Bir kırmızı Lale işte.
Kitap okumayı, sohbeti, sinemayı, İstanbul'u ille de Üsküdar'ı sever. Olmazsa olmazları ailesi, Zuz, Cancan ve denizdir.
Çok şiir okumaz ama okursa Atilla İLHAN ve Orhan VELİ okur. Paylaşmazsa görmüş gibi okumuş gibi hissetmez kendini...

16 Nisan 2010 Cuma

Kardeş kardeş gezme ...

Bu gün kardeş kardeş gezdik Zuz'la. Sabah Taksim'de buluşalım diye sözleştik. Evden çıkana kadar 3-5 kez yar değiştirdik ve sonunda Üsküdar İskelesinde buluştuk. Ne güzel bir havaydı. Motorla kardiş kardiş geçtik. Bu sırada Naziş'den çok güzel bir haber aldık. Sonra söyleyeceğim size. Ama Ece biliyo unutmadıysa :))) Günümüzü daha da güzel yapan haber etrafında da konuşa konuşa finükülere geldik. Meğer Zuz ilk kez binecekmiş. Yani O^nun güzegahına uygun değil zaten. O daha çok Kadıköy bağlantılı gidip geldiği için...

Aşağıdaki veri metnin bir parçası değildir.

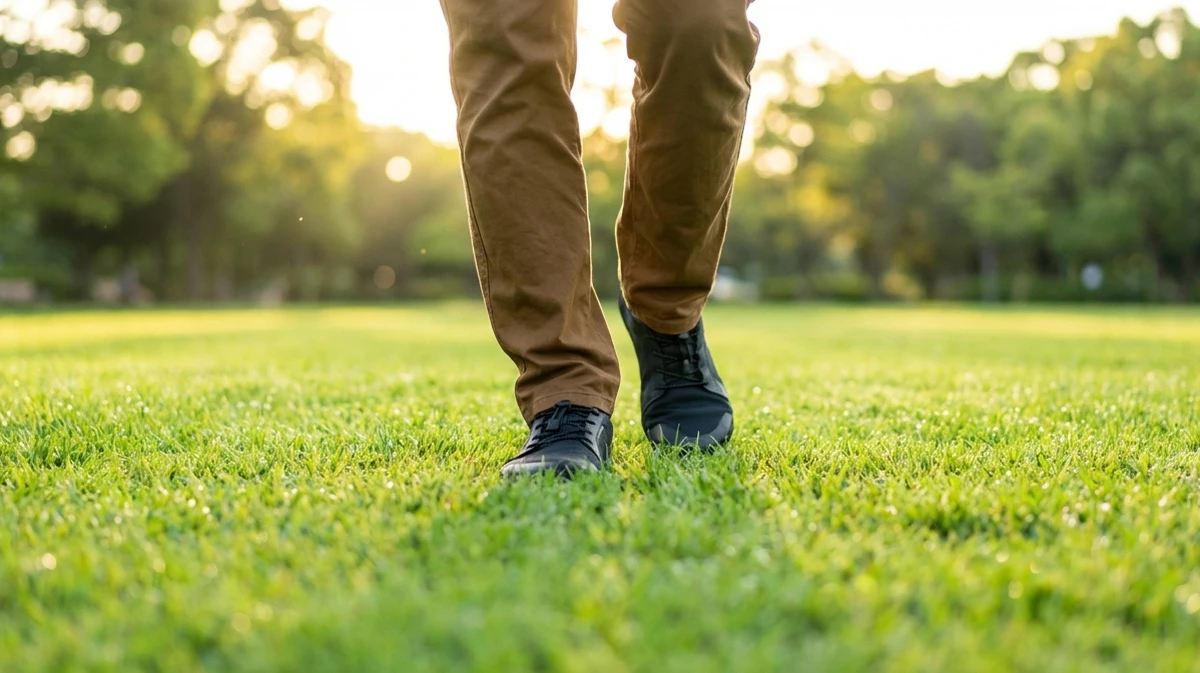 ベアフットシューズを履いて芝生の上を歩く人の足元
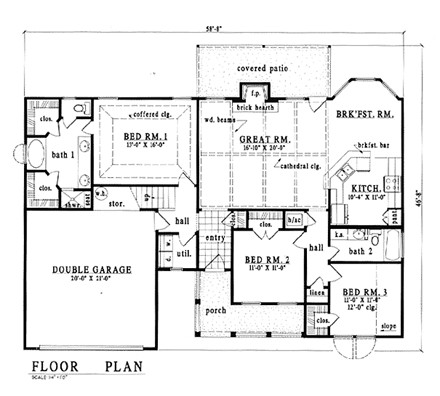 Country House Plan 79079 with 3 Beds, 2 Baths, 2 Car Garage First Level Plan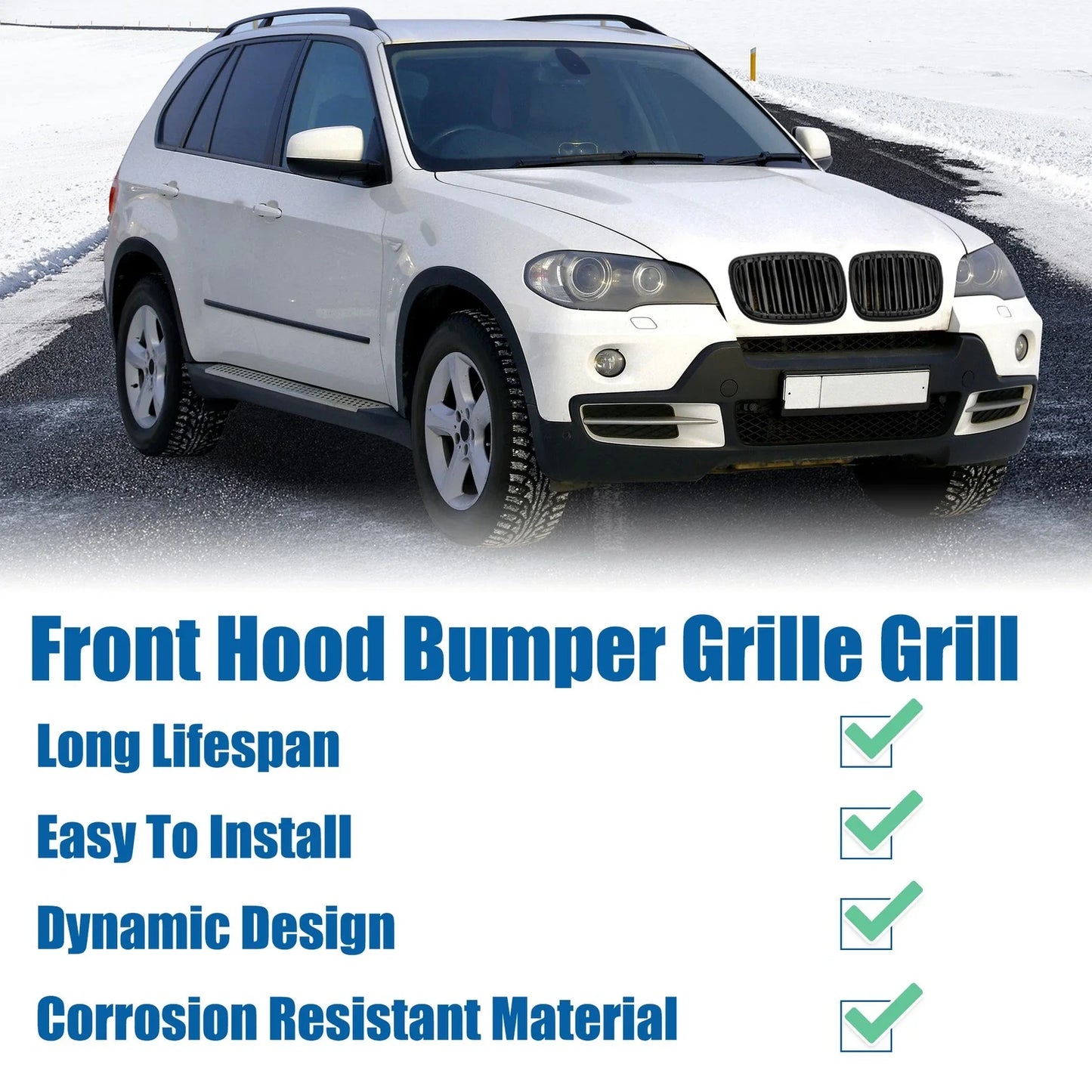 Pair Front Hood Bumper Grille Grill for BMW X5 X6 E70 (2007-2013)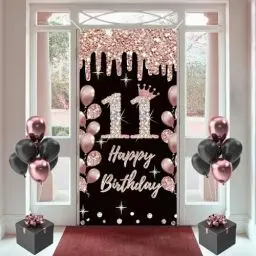 Produktbild: 11. Geburtstag Dekorationen für Mädchen, Happy 11 Years Old Stoff Schild Poster Rosegold Hintergrund Tür Banner, 11. Geburtstag Party Supplies Foto Hintergrund Willkommensschild, 180 cm x 90 cm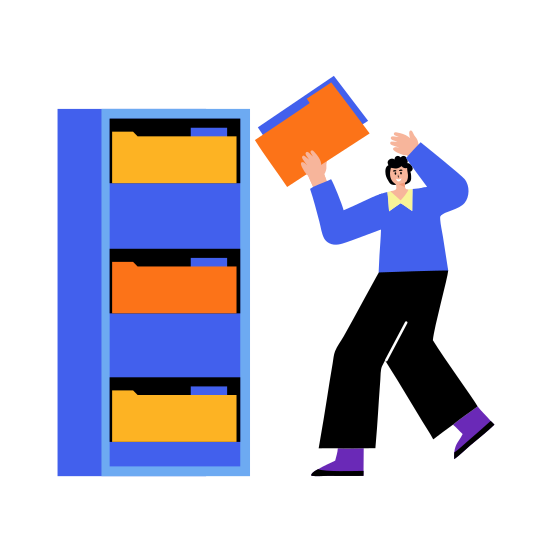 Lost Files, Documents, Finding, Working, Employee, illustration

Taksim'e çıktık, Zuz boynundaki fuları göstererek Galatasaray'dan ya da Tünel den dedi , şu fuların siyahını almak istiyorum. Onu bir fularcıya götürdüm, zaten yolumuzun üstündeydi. Dayımla bir şapka pazarlığı yapmışlığımız vardır orada. Yolunuz düşerse , hem çok ucuz hem de çok çeşitli fularları var. Sıraselvilere doğru yürürken Kemancı Bar'ın bitişiği.

Sohbet, alış- veriş derken biz saati unutmuşuz. Kuzen Fatma aradı, yatarken mi geleceksiniz buraya diye. Eniştem Zuz'u görünce güzel güzel dedi, bana da nasıl geldiniz dedi. E Enişte Enişte bana da güzel desene ne yapıcan, nasıl geldiğimizi , geldik ya... Teyzem yeğenleri geliyo diye, pancar çorbası yapmış, turşu kavurmuş. Börekler, pastalar, poğaçalar hazırlamış. Açılışı çorba ile yaptık. Sonrada çayla gelsin börekler , pastalar, turşu kavurmaları...

Güllü yani yedi bela dokuz katil Gülden, iş yapmamak için yine tansiyonum düştü, çarpıntım var ayağına yattı. Çay masası hazır olunca şıp diye iyileşti:))))

Akşam Zuz'la Kabataş'a birlikte indik, taksi şöförümüzün konuşmaya çok ihtiyacı vardı. Köyündeki kekliklerin azalışından tutunda, duraklarının yanındaki ev yemekleri yapan lokantaya varana kadar anlattı. Mesela bu gün dolma varmış. Zuz'la, Kabataş da ayrıldık. Ben motora bindim, yine ilk kez görüyormuşcasına atrafı seyrede seyrede geldim. Yavru martıların deniz üzerinde pike yapışlarını izledim. Seneye onlarda koca totolu İstanbul martılarına dönüşecekler, poğaça ekmek yiye yiye. Büfelerin çöp kutularını karıştıra karıştıra.